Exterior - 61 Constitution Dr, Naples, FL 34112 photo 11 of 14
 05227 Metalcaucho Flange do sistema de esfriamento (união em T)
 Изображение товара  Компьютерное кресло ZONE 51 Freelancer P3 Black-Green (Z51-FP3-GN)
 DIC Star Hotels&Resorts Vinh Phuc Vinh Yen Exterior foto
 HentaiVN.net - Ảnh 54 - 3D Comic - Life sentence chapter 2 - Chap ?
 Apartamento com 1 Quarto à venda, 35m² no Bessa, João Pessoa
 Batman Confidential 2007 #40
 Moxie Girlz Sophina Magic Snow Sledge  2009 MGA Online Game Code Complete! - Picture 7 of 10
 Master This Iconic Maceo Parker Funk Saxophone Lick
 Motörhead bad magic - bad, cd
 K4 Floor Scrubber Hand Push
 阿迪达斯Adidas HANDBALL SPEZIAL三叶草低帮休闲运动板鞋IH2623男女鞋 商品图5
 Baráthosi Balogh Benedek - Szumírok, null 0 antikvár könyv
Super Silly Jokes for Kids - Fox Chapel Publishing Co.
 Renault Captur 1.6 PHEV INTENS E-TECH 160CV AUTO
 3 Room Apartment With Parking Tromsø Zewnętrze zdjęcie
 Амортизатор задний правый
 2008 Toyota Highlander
==*==
## Work instructions
The reply must hold exactly the lines from the one containing "Super Silly Jokes" to the last line of the entries, and nothing more.

## Solution to the problem
Super Silly Jokes for Kids - Fox Chapel Publishing Co.
 Renault Captur 1.6 PHEV INTENS E-TECH 160CV AUTO
 3 Room Apartment With Parking Tromsø Zewnętrze zdjęcie
 Амортизатор задний правый
 2008 Toyota Highlander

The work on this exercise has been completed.